Vor diesem Hintergrund lässt eine aktuelle Entscheidung des LAG Berlin-Brandenburg aufhorchen, nach der ein solches Vorgehen nicht zulässig sein soll (Urt. v. 17.12.2014 – 15 Sa 982/14).
Einseitige Verrechnung zu Lasten des Arbeitnehmers ist unzulässig
Der Personaldienstleister setzte die klagende Arbeitnehmerin als Sachbearbeiterin bei Kunden ein. Sie erhielt unabhängig von ihrer tatsächlichen Einsatzzeit eine regelmäßige monatliche Vergütung auf Grundlage der vertraglich vereinbarten Arbeitszeit; ihre tatsächlichen Einsätze wurden in einem Arbeitszeitkonto erfasst. Der Arbeitgeber berücksichtigte dort Zeiten, in denen er die Arbeitnehmerin nicht einsetzen konnte, zu Lasten der Arbeitnehmerin.
Nach Ansicht des LAG Berlin-Brandenburg zu Unrecht: der zwischen dem BZA und den Mitgliedsgewerkschaften des DGB abgeschlossene und auf das betreffende Arbeitsverhältnis anwendbare Manteltarifvertrag vom 22. Juli 2003 erlaube es nicht, auf dem Arbeitszeitkonto vorhandene Plusstunden einseitig mit Minusstunden zu verrechnen, die sich deswegen ergeben würden, weil für den Arbeitnehmer keine Einsatzmöglichkeit bestehe.
Selbst wenn der Tarifvertrag anders auszulegen wäre, dürfe – so das LAG Berlin-Brandenburg – das Risiko des Personaldienstleisters, den Zeitarbeitnehmer nicht einsetzen zu können, nicht im Rahmen eines Arbeitszeitkontos auf Letztgenannten verlagert werden.
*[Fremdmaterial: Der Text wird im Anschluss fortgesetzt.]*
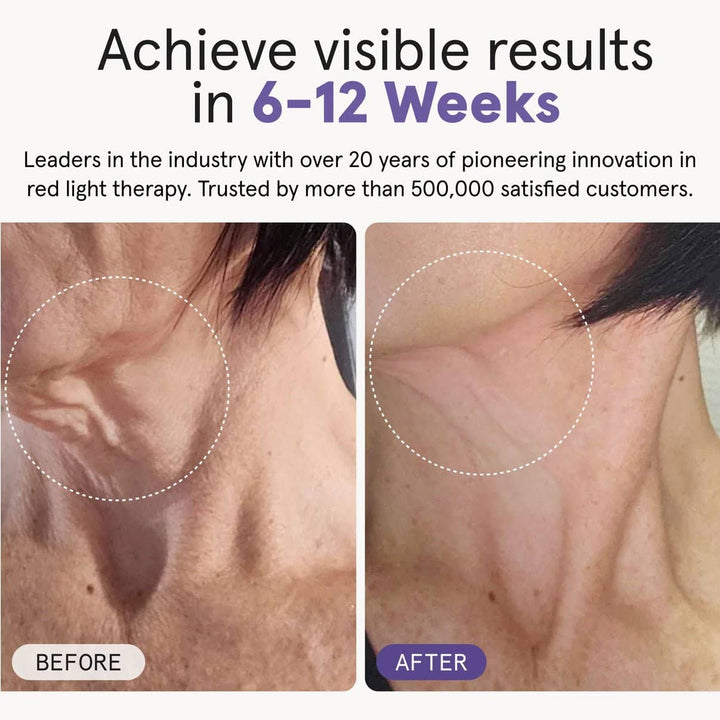 iRestore Illumina LED Neck &amp; Chest Mask - My Luxury Home Spa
Eine einseitige Verrechnung dieser Stunden zu Lasten des Zeitarbeitnehmers sei gesetzlich ausgeschlossen; entgegenstehende tarifliche Regelungen seien unzulässig.
Entscheidungsgründe sind abzuwarten
Bislang liegt nur die Pressemitteilung zu der Entscheidung des LAG Berlin-Brandenburg vor. Eine vertiefte argumentative Auseinandersetzung mit dieser kann vor diesem Hintergrund gegenwärtig (noch) nicht erfolgen. Vielmehr sind erst die vollständig abgesetzten Gründe abzuwarten. Spannend bleibt dabei insbesondere, wie das LAG Berlin-Brandenburg die „Vorgaben″ des BAG aus der o.g. Entscheidung vom 16. April 2014 umsetzt werden.
Das Gericht hat wegen der grundsätzlichen Bedeutung der Rechtssache die Revision an das BAG zugelassen. Erfurt wird sich im Zweifel – sollte das Rechtsmittel eingelegt werden – erneut mit den Nutzungsmöglichkeiten des Arbeitszeitkontos in der Zeitarbeit befassen müsse. Darüber hinaus ist gegen die o.g. Entscheidung des LAG Hamburg vom 22. Juli 2014 inzwischen eine Nichtzulassungsbeschwerde anhängig (Az. 5 AZN 809/14), so dass – bei einer etwaigen Stattgabe durch das BAG – zwei Verfahren in Erfurt anhängig wären, in denen der 5. Senat eine für die Praxis abschließende höchstrichterliche Klärung der relevanten Fragen herbeiführen kann. Auf den Ausgang der entsprechenden Rechtsstreitigkeiten darf man gespannt sein!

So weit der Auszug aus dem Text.